Broker non-votes occur when a beneficial owner of shares held in “street name” does not give instructions to the broker or nominee holding the shares as to how to vote on matters deemed “non-routine.” Generally, if shares are held in “street name”, the beneficial owner of the shares is entitled to give voting instructions to the broker or nominee holding the shares.
If the beneficial owner does not provide voting instructions, the broker or nominee can still vote the shares with respect to matters that are considered to be “routine,” but not with respect to “non-routine” matters. In the event that a broker, bank, or other agent indicates on a proxy that it does not have discretionary authority to vote certain shares on a “non-routine” proposal, then those shares will be treated as broker non-votes. Except for Proposal No. 4, each of the remaining Proposals is a “non-routine” proposal; therefore, your broker, bank or other agent is not entitled to vote your shares on Proposal No. 1, 2, and 3 without your instructions. For the election of Directors broker non-votes, as well as abstentions, will be counted as present for purposes of determining the presence of a quorum, but will have no effect on the results of this vote. For Proposal No. 3, abstentions will be considered present for purposes of establishing a quorum but will have the effect of a vote against the amendment to the Articles. Broker non-votes will also have the effect of a vote against the approval of the amendment to the Articles Proposal. With respect to the ratification Somekh Chaikin broker non-votes will have no effect on the results of this vote. We are not required to obtain the approval of our stockholders to select our independent registered public accounting firm. However, if our stockholders do not ratify the appointment of Somekh Chaikin, as our independent registered public accounting firm for 2023, our Audit Committee of our Board of Directors will reconsider its selection.
Any shareholder who has submitted a proxy may revoke it at any time before it is voted, by written notice addressed to and received by our Secretary, by submitting a duly executed proxy bearing a later date or by electing to vote in person at the Meeting. The mere presence at the Meeting of the shareholder appointing a proxy does not, however, revoke the appointment.
Notice of Internet Availability of Proxy Materials
In accordance with rules and regulations of the Securities and Exchange Commission, or the SEC, instead of mailing a printed copy of our proxy materials, which consist of this proxy statement, proxy card, notice of annual meeting, and our annual report to shareholders for the fiscal year ended December 31, 2022, or Fiscal Year 2022, respectively, to each shareholder of record, we may furnish proxy materials via the internet. Accordingly, all of our shareholders of record as of the Record Date will receive a notice of internet availability of proxy materials. The notice of internet availability of proxy materials will be mailed on or about October 18, 2023.
On the date of mailing the Notice of Internet Availability of Proxy Materials, shareholders will be able to access all of the proxy materials at www.vstocktransfer.com/proxyThe proxy materials will be available free of charge. The Notice of Internet Availability of Proxy Materials will instruct you as to how you may access and review all of the important information contained in the proxy materials over the internet.

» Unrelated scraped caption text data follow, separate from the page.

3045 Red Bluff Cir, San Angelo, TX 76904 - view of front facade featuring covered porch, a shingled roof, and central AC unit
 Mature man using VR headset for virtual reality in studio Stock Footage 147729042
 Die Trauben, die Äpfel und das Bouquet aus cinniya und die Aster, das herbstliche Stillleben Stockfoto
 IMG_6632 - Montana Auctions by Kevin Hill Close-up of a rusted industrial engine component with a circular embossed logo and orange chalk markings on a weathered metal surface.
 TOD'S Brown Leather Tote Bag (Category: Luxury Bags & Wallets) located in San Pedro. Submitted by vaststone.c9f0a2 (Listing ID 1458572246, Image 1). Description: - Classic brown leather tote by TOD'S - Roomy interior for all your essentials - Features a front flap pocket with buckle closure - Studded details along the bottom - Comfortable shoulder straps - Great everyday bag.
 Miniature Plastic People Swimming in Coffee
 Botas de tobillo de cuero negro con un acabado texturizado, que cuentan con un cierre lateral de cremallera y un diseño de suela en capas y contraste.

The Notice of Internet Availability of Proxy Materials contains instructions as to how to vote by internet or by telephone. The Notice of Internet Availability of Proxy Materials also instructs you as to how you may request a paper or email copy of the proxy card. If you received a Notice of Internet Availability of Proxy Materials and would like to receive printed copies of the proxy materials, you should follow the instructions for requesting such materials included in the Notice of Internet Availability of Proxy Materials.
IMPORTANT: If your shares are held in the name of a brokerage firm, bank, nominee or other institution, you should provide instructions to your broker, bank, nominee or other institution on how to vote your shares. Please contact the person responsible for your account and give instructions for a proxy to be completed for your shares.
Our website address is included several times in this proxy statement as a textual reference only and the information presented on our website is not incorporated by reference into this proxy statement.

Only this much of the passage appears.